Lords of the Manor
The last Anglo-Saxon lord of the manor was Countess Gytha of Hereford (the mother of King Harold), but following the successful invasion of England by William the Conqueror (1066) and the subsequent allocation of land to his followers, the manor of Chelveston cum Caldecott was part of the manor of Higham Ferrers given to William Peverel the Elder, along with over 140 others.
Over the next 400 years it separated from the Higham Ferrers manor and passed through the families of de Ferrers (1224), Lancaster (1297), de Holand (1333), Lovel (1373 & 1477), and Exeter (1461).
Charles Somerset, 1st Earl of Worcester
© National Portrait Gallery
William Somerset, 3rd Earl of Worcester
© National Portrait Gallery
After confiscation following the War of the Roses, in 1486 Henry VII granted it to Sir Charles Somerset (later the 1st Earl of Worcester).
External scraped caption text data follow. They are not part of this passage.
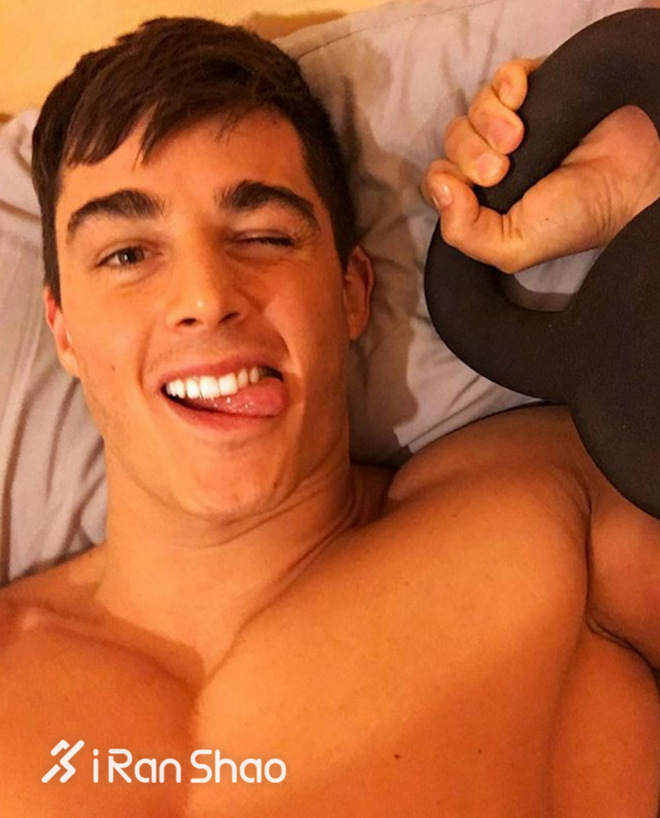 热点 | 这个全球最性感的数学老师 ，满足你对理想型的所有幻想！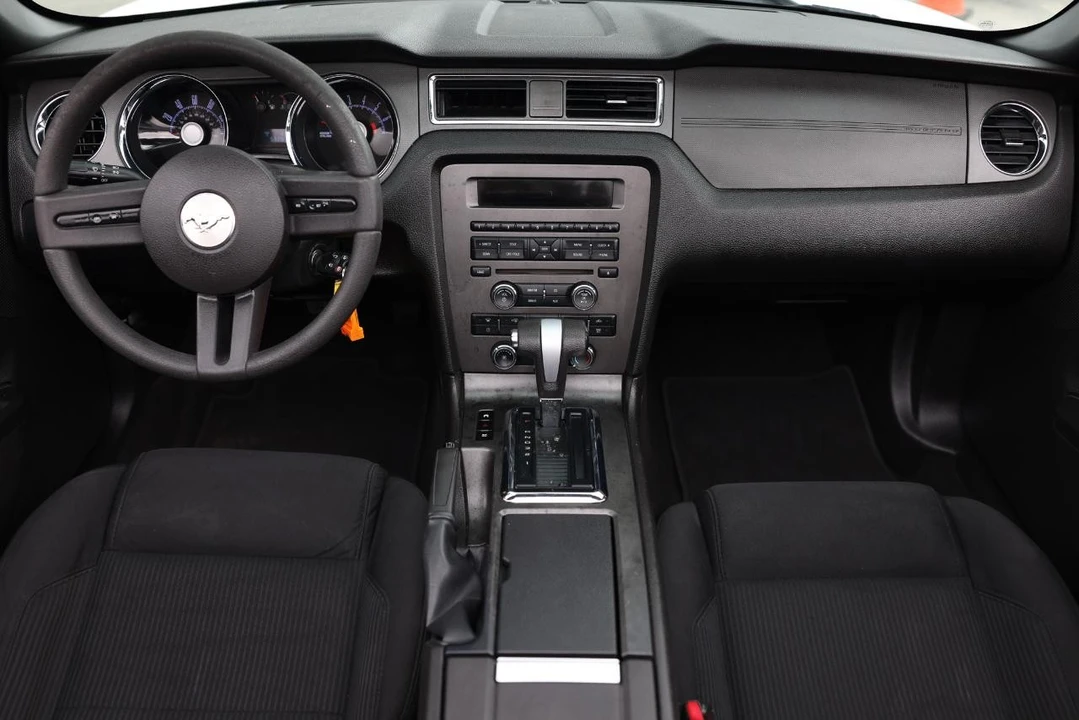 2010 Ford S197 Mustang - Image 2 of 31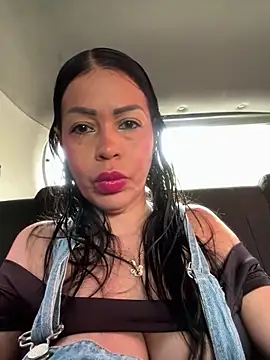 KarolRubi1 online show from November 2025 01:15:02 PM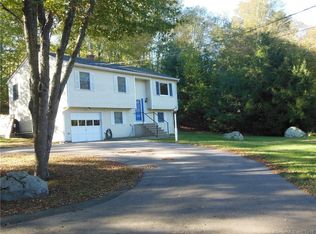 19 Asher Ave, Pawcatuck, CT 06379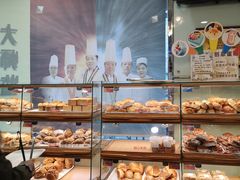 面包甜点陈列柜-新侨三宝乐面包店(崇文门店)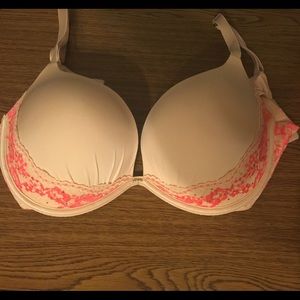 Victoria's Secret 38 d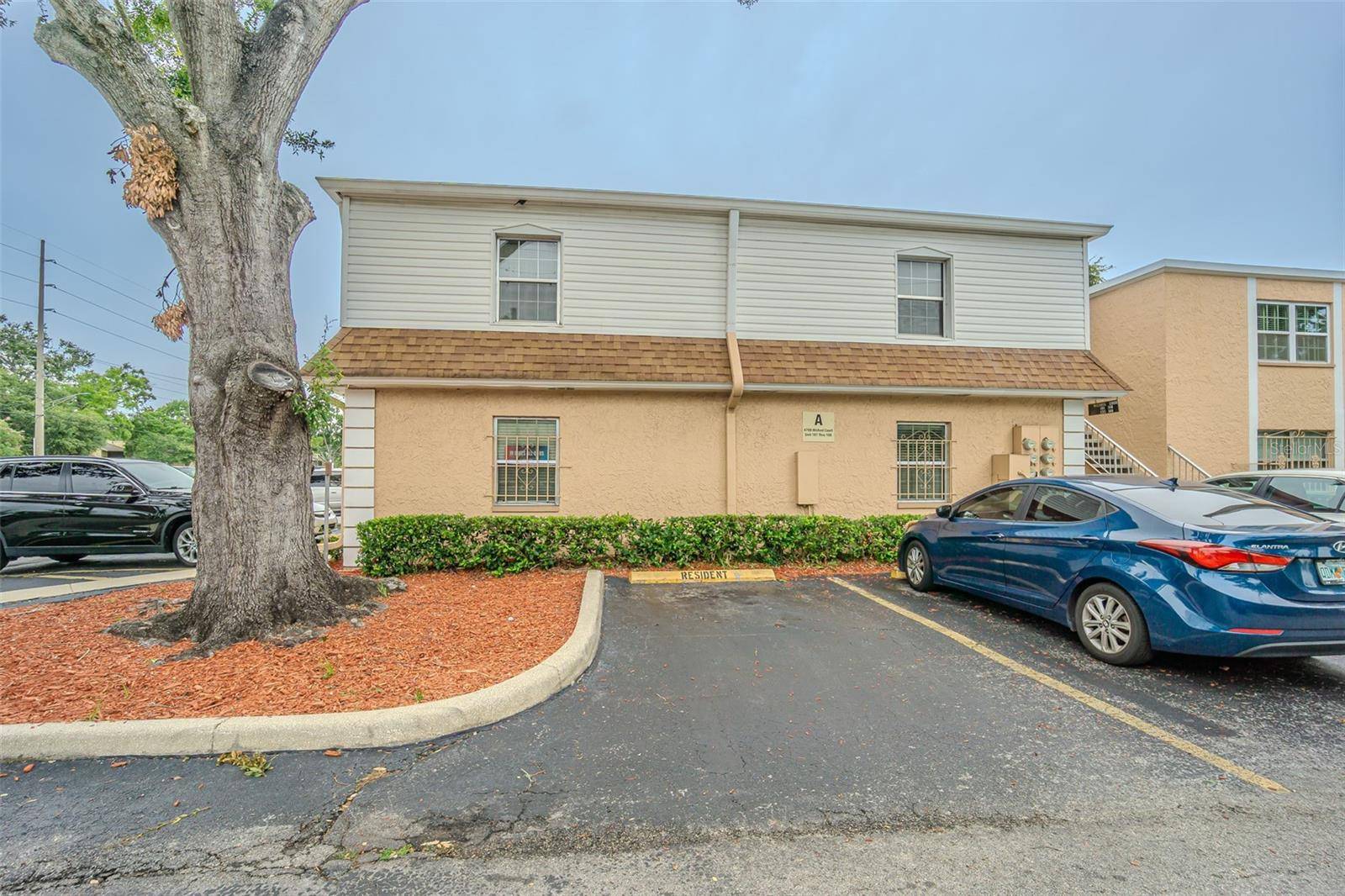 Tampa, FL 33614,4708 MICHAEL CT #103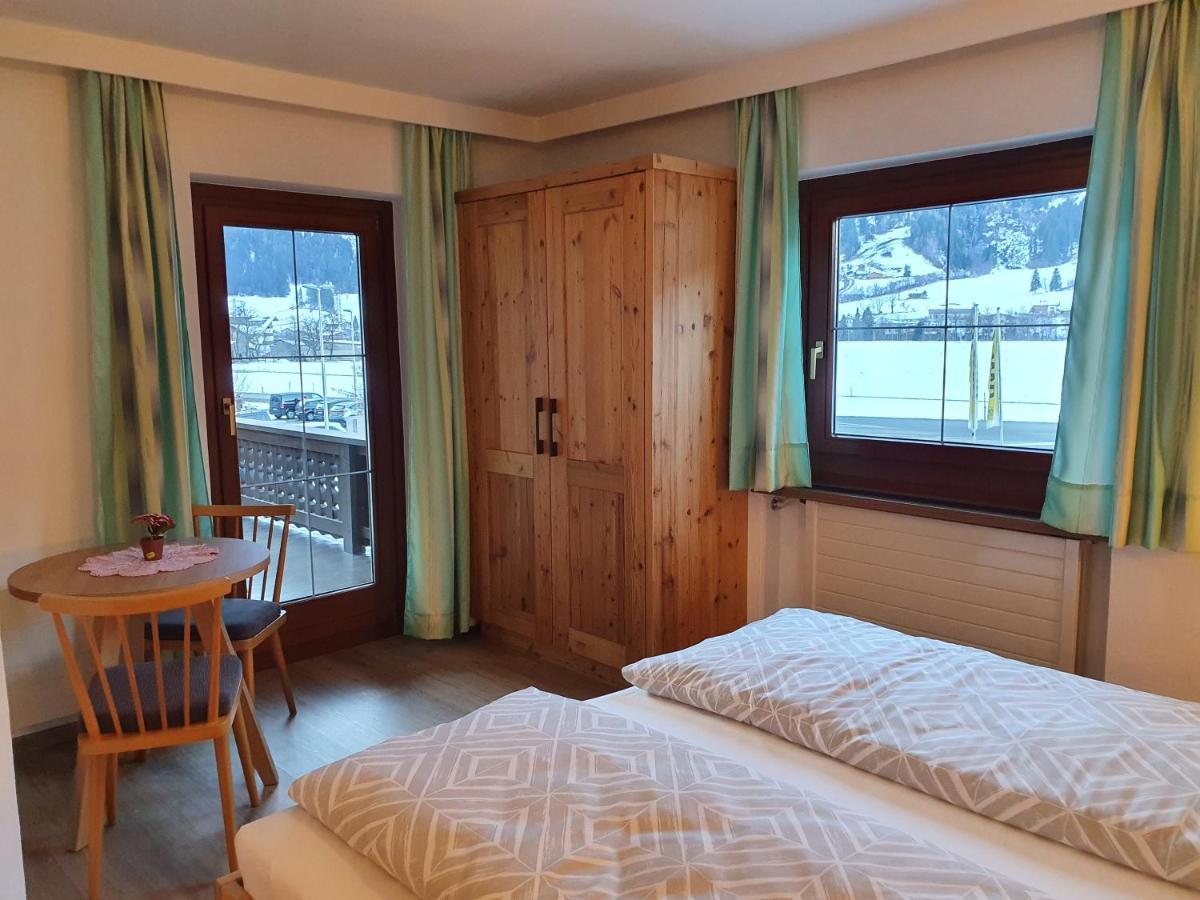 Ferienwohnung Kroell Цел ам Цилер Екстериор снимка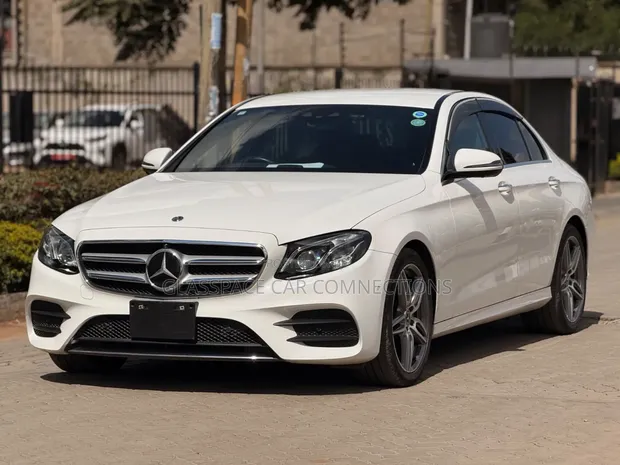 Mercedes-Benz E200 2019 Nyeupe - 1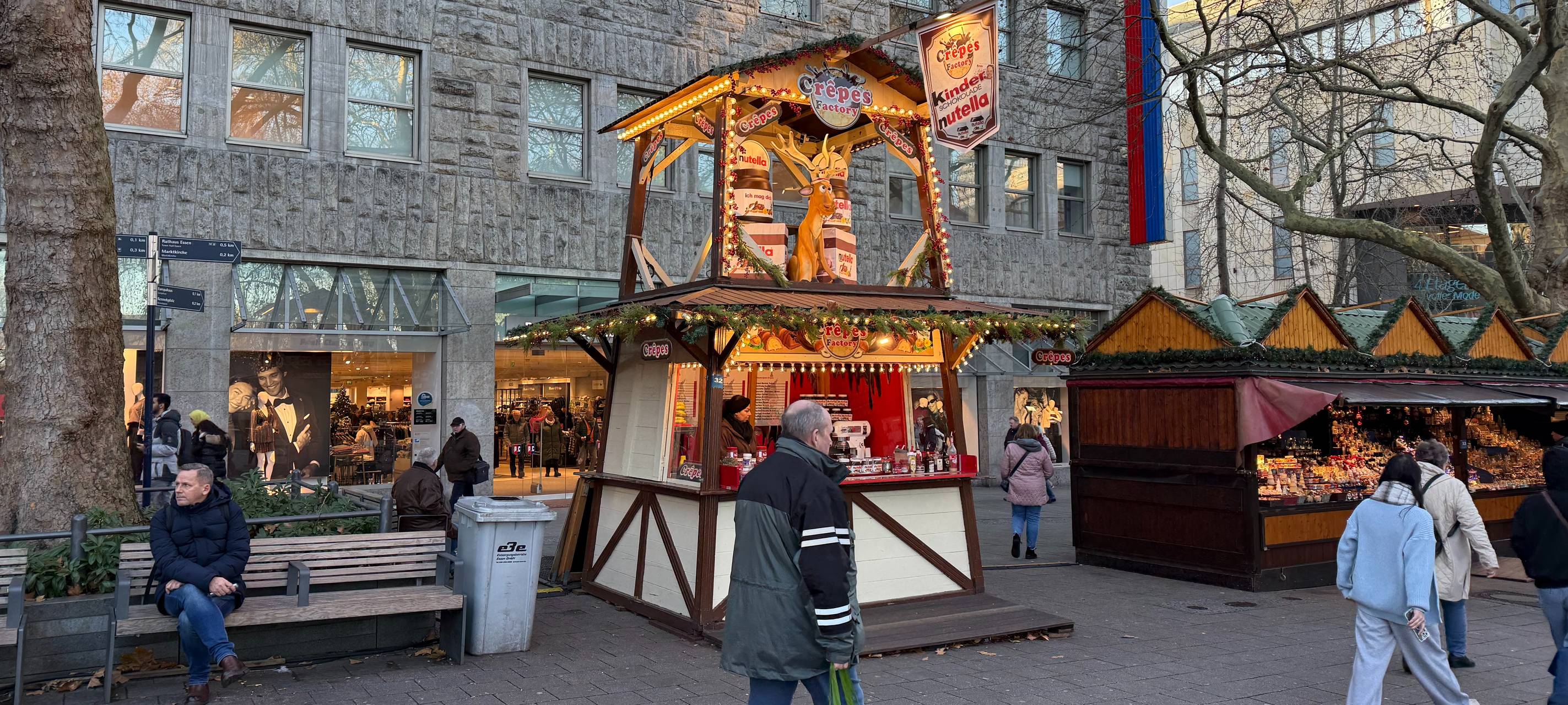 Weihnachtsmarkt-Challenge in Essen: Wie weit mit 50 Euro?
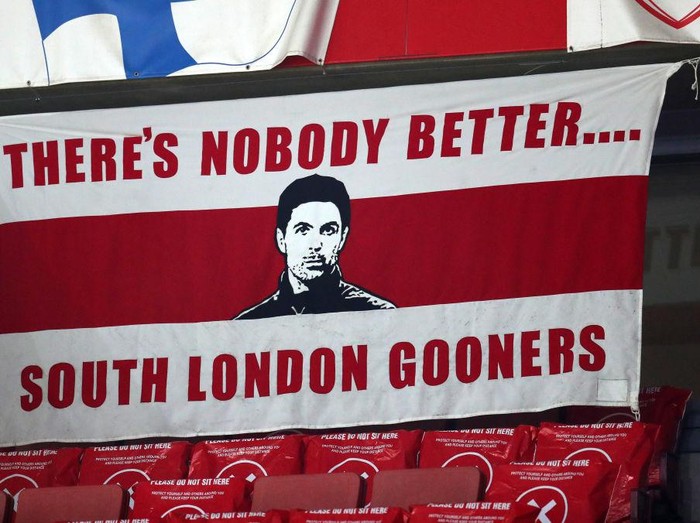 LONDON, ENGLAND - DECEMBER 22: A banner with an image of Mikel Arteta manager of Arsenal saying theres nobody better in the stands during the Carabao Cup Quarter Final match between Arsenal and Manchester City at Emirates Stadium on December 22, 2020 in London, England. The match will be played without fans, behind closed doors as a Covid-19 precaution. (Photo by Catherine Ivill/Getty Images)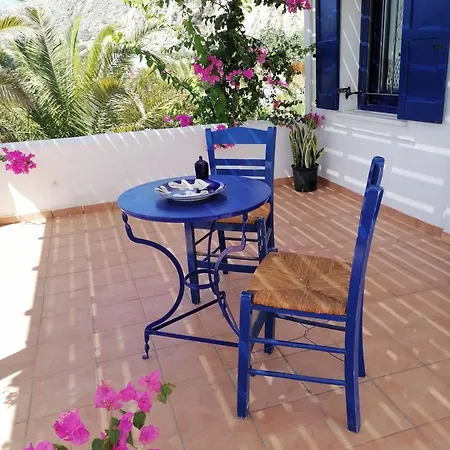Hones - Relax House Willa Perissa (Santorini)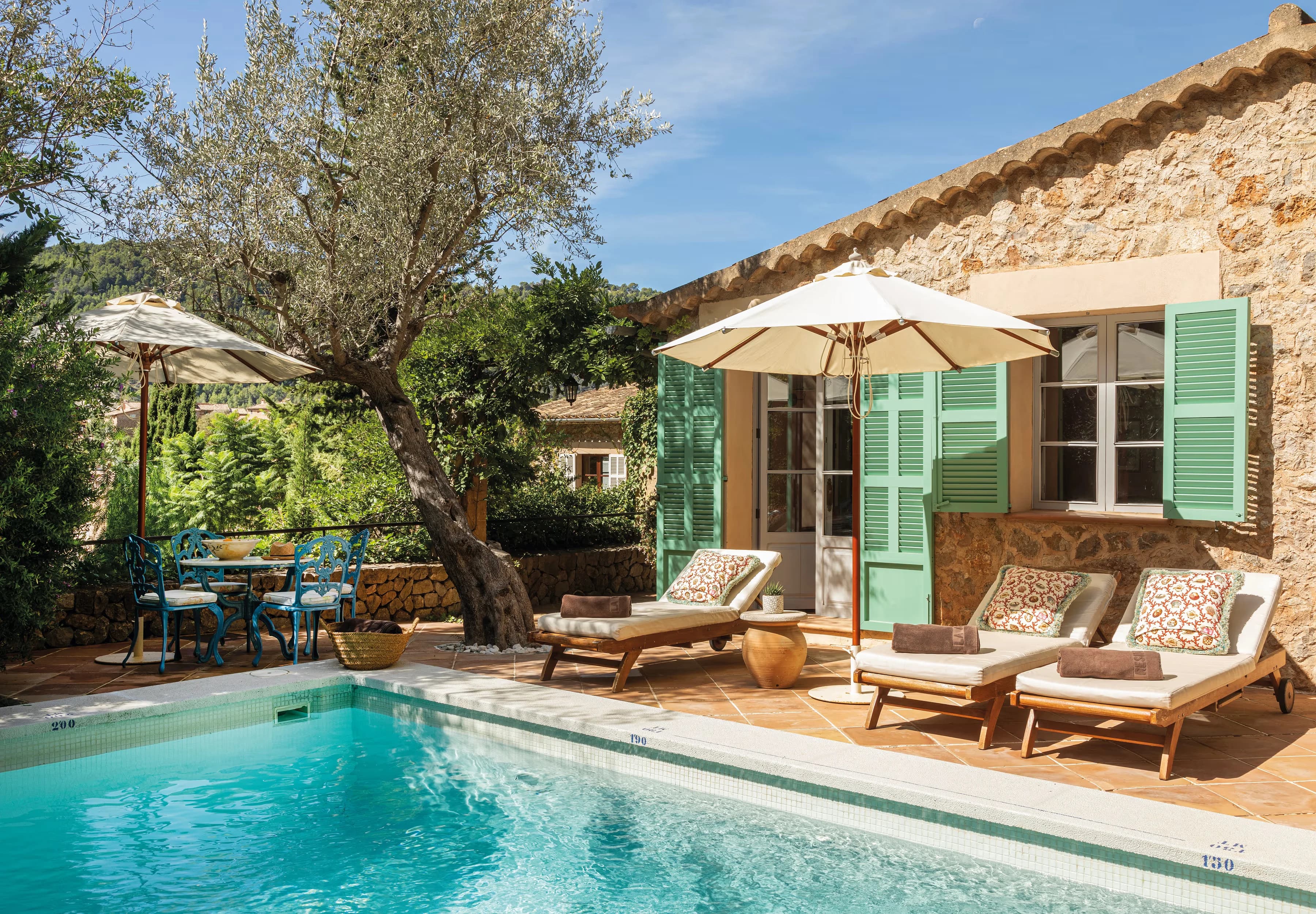 Private pool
His grandson William, the 3rd Earl, passed it to Gerald Pickering (1553), who sold it to John Ekins (1554), whose family held it for 5 generations before it passed to Geoffrey Barton & John Sawyer (1694), then Thomas Allen (1708).
Following Thomas Allen's death, the ownership fell into dispute until it was successfully claimed by the Disbrowe family of Walton Hall, Walton-on-Trent, Derby.
Lt Col Edward Disbrowe image courtesy of Miss Frances Webb and www.picturethepast.org.uk
Lt Col Edward Disbrowe MP (1754-1818) was Vice-Chamberlain (1801-1818) to Queen Charlotte (wife of George III). He was the MP for New Windsor from 1806 - 1818. He married Charlotte Hobart in 1789 and they had 6 children. It was during his time that the parish was inclosed.
Sir Edward C.Disbrowe 1847 © National Portrait Gallery
His eldest son, Sir Edward Cromwell Disbrowe G.C.H. MP DL (1790-1851),who succeeded him, was a noted diplomat. He was the MP for New Windsor from 1823-1826 and was knighted by William IV in 1831 as a Knight Grand Cross of the Hanoverian Royal Guelphic Order.
He married Anne Kennedy (1795-1855) and they had 5 children. However Albinia died young and his sons died whilst serving in the forces (Lt Edward A Disbrowe of the Coldstream Guards died at Inkerman, Crimea (1834-1854), and Lt William H J Disbrowe of the 17th (Leicestershire) Foot died in Canada (1836-1858)). His eldest daughter, Charlotte (1823 - 1918) never married, and gave the manor to his youngest daughter Jane Harriet (1829 –1908).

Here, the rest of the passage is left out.